Padahal, Peraturan Pemerintah (PP) Nomor 99 Tahun 2012 tentang Syarat dan Tata Cara Pelaksanaan Hak Warga Binaan Pemasyarakatan memperketat pemberian hak terhadap narapidana, bukan membatasi.
Hal itu, kata Denny, bertujuan untuk memberikan pesan kuat untuk menghukum dengan tegas siapa pun pelaku korupsi.
"Lewat PP Nomor 99 Tahun 2012, ada pengetatan dan mengirimkan pesan kuat untuk menghukum dengan tegas siapapun pelaku korupsi," kata Denny.
Denny pun membantah bahwa pembatasan hak narapidana kasus korupsi dalam mengajukan pembebasan bersyarat melanggar hak asasi manusia (HAM).
Ia menegaskan pembatasan hak itu tidak melanggar HAM, hanya memperketat mekanisme pemberian bebas bersyarat bagi koruptor.
"Argumen bahwa PP 99/2012 itu melanggar HAM sudah jelas dibantah oleh putusan MK (Mahkamah Konstitusi)," ujar Denny.
Baca juga: Denny Indrayana: Pembatasan Hak Bebas Bersyarat Koruptor Tak Langgar HAM
Denny mengatakan, sejumlah terpidana kasus korupsi pernah berusaha mengajukan uji materi Undang-Undang Nomor 12 Tahun 1995 tentang Pemasyarakatan (UU Pemasyarakatan) ke MK.
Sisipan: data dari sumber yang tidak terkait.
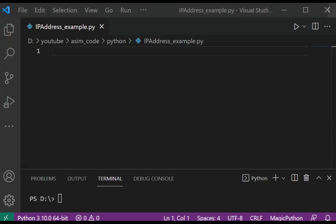Welcome to Awesome Code. Please subscribe to my channel and like my video. In this video we will learn about IP address object from netaddr, which is a Python library for representing and manipulating network addresses. So first we need to install the netaddr. We can use pip install netaddr.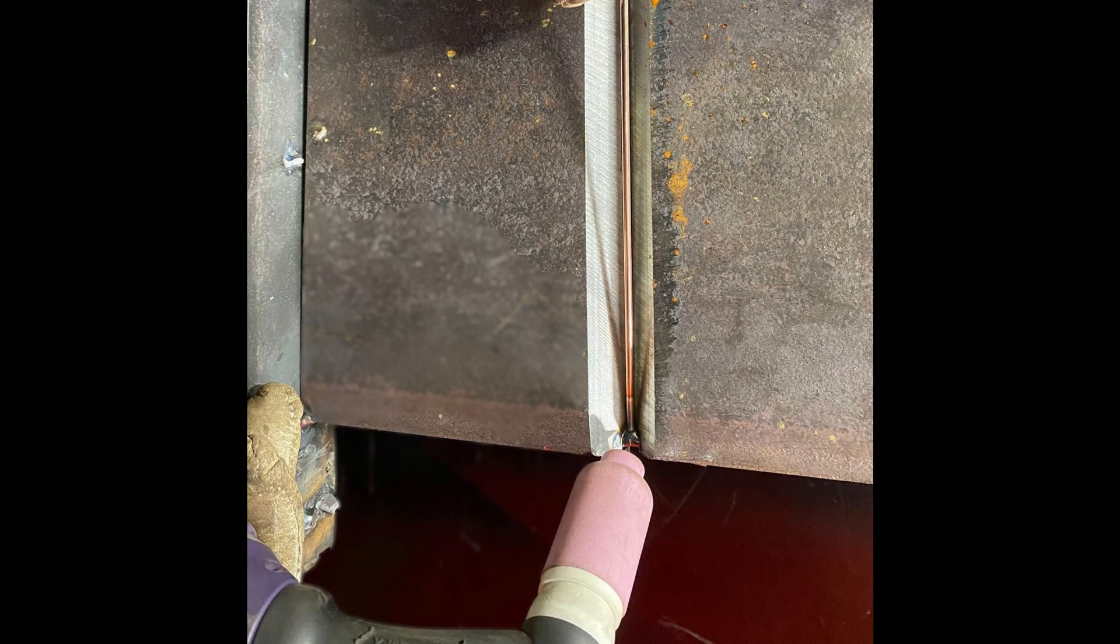In this video we're going to do a thick plate, it's about 15mm. We're doing an open root single V. The prep's at around about 45 degrees and we've got a landing edge on the nose of around about a millimeter. On this joint we're using 85 amps with 2.4 millimeter ER70S welding wire.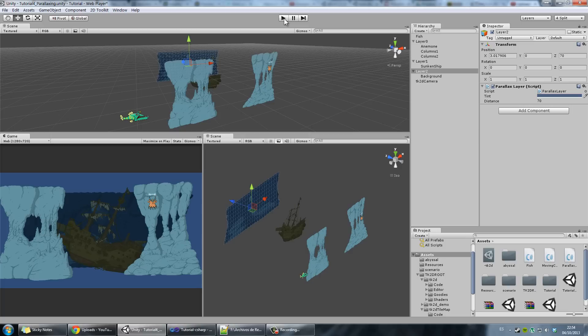Of course you can do a lot of tweaking to make it look cool, and there are lots of other things you can add to it. I hope you liked it, learned a lot from it, and obviously had a lot of fun. See you guys next time.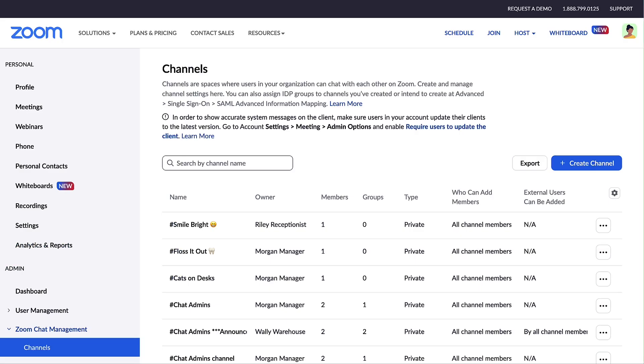All of the channels within the organization are displayed in the tables shown, along with columns of data showing at-a-glance information about each channel.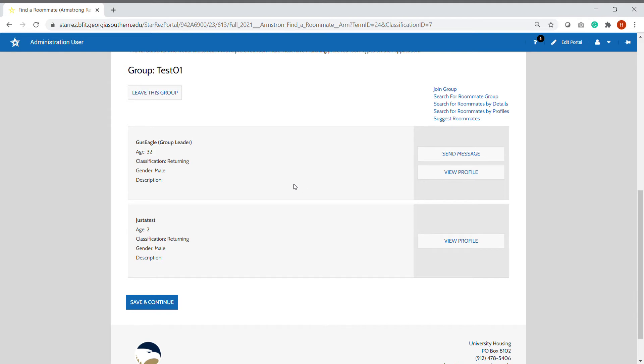At any time, regardless of when the group is verified or not, if you change your mind, you always have the option to leave the group.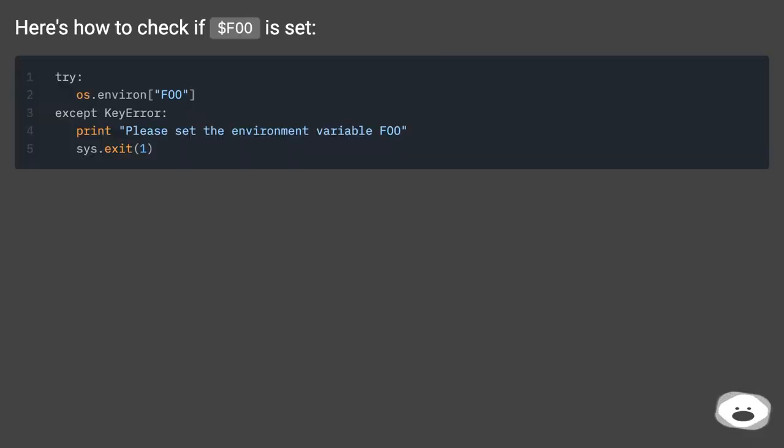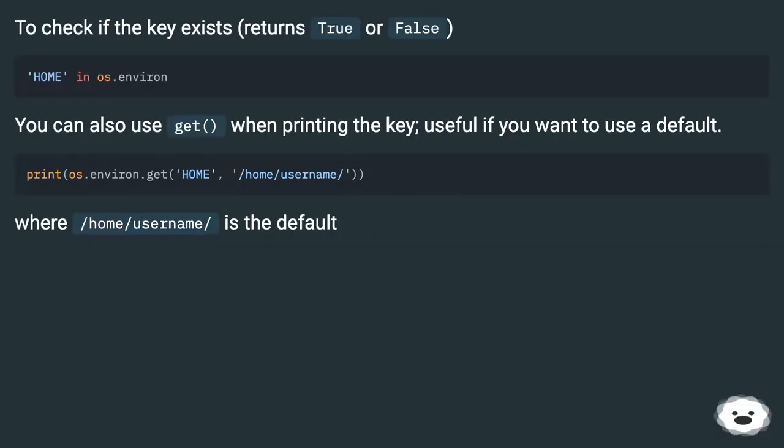Here's how to check if a key is set. To check if the key exists in os.environ, it returns True or False.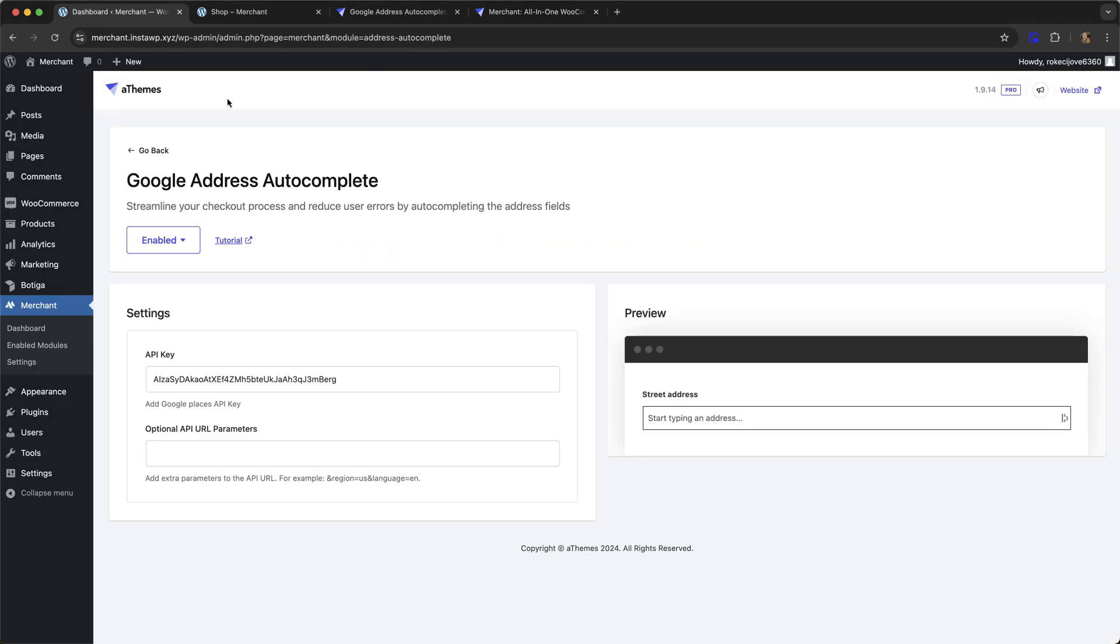I'm going to go over now to my site where I already have Merchant Pro installed and I've already enabled the Google Address Autocomplete module. To get the module working, we just need an API key.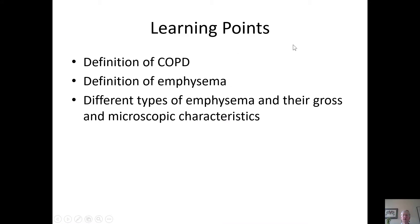The learning points of this session are the definition of COPD, the definition of emphysema, the different types of emphysema, and their gross and microscopic characteristics.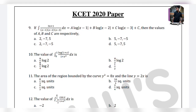Hi everyone, this is Manoj here and in this video I am going to solve another 10 consecutive questions of KCET 2020 mathematics paper. This video is based on your request — thank you so much for your response. It's just a trick, okay? Take it as a trick and apply this only when you don't know anything about the question.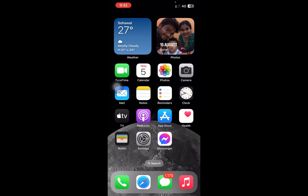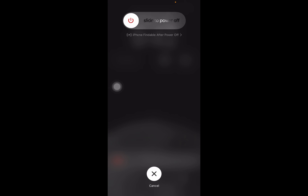Do this in quick succession to bring up the shutdown screen. Note it will be a little different — it will not have an SOS slider. Press volume up, volume down, then the power button, and you can see the shutdown screen coming up along with the Assistive Touch options.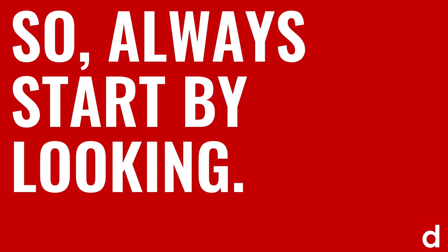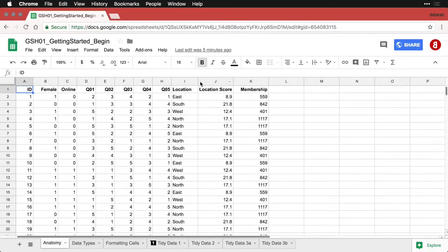The moral of all this is simply: always start by looking. Begin with graphs, then follow them up with any numerical analysis you want to do. In doing so, you'll get a lot more insight and avoid a lot more problems on the way to getting the information you need. Now, to be on the same page, we need to talk about the anatomy of a spreadsheet so the vocabulary I use makes sense.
Melalui uji materi tersebut, para narapidana kasus korupsi berharap MK membatalkan PP Nomor 99 Tahun 2012.
Pada 2017 lalu, lima terpidana kasus korupsi, yakni Suryadharma Ali, OC Kaligis, Irman Gusman, Barnabas Suebu dan Waryana Karno, mengajukan uji materi pasal 12 ayat (1) dan (2) UU Pemasyarakatan.
Kelima pemohon itu beranggapan ketentuan pemberian hak, termasuk remisi dan pembebasan bersyarat, dalam UU Pemasyarakatan cenderung diskriminatif.
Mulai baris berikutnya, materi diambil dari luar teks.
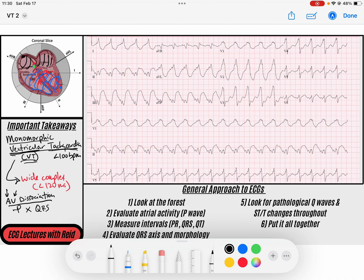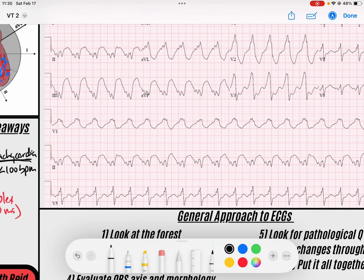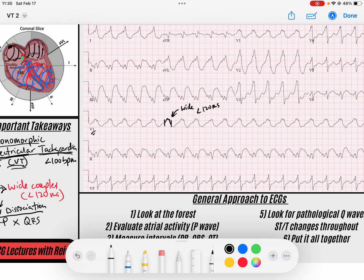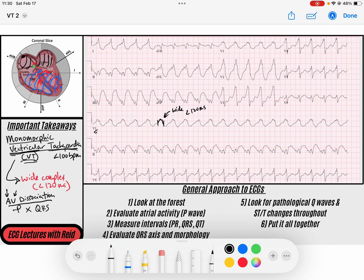Looking at this ECG, in the V1 rhythm strip we've got a QRS that is really slurry and wide complex — greater than three little boxes, or greater than 120 milliseconds. Another feature of monomorphic VTAC is that it's going to be regular. Notice it is very, very regular.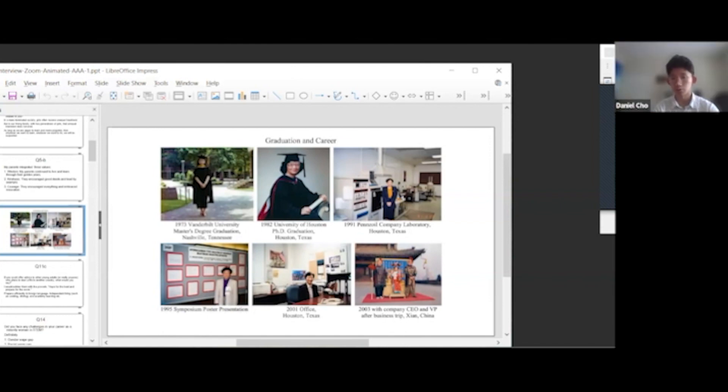During that time, were you able to find a solid Chinese or Chinese American community at Vanderbilt or in Nashville in general? No.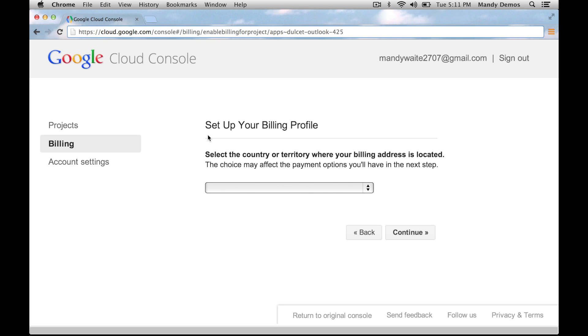On this screen, select your country, enter your contact information, and then click continue. On the next screen, enter your billing information to complete the billing setup.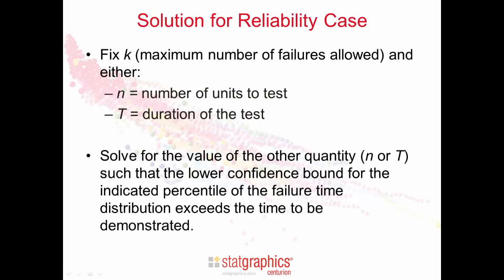The program will then solve for the value of the other quantity, such that when we create a lower confidence bound for the indicated percentile of the failure time distribution, the one that corresponds to the desired reliability, that that lower confidence bound exceeds the time to be demonstrated.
Pasal 12 Ayat (2) menyatakan, ketentuan mengenai syarat-syarat dan tata cara pelaksanaan hak-hak narapidana diatur lebih lanjut dengan Peraturan Pemerintah.
Sementara dalam PP Nomor 99 Tahun 2012 memperketat pemberian hak remisi dan pembebasan bersyarat, yakni jika seorang narapidana kasus korupsi menjadi justice collaborator serta mendapat rekomendasi dari Komisi Pemberantasan Korupsi (KPK).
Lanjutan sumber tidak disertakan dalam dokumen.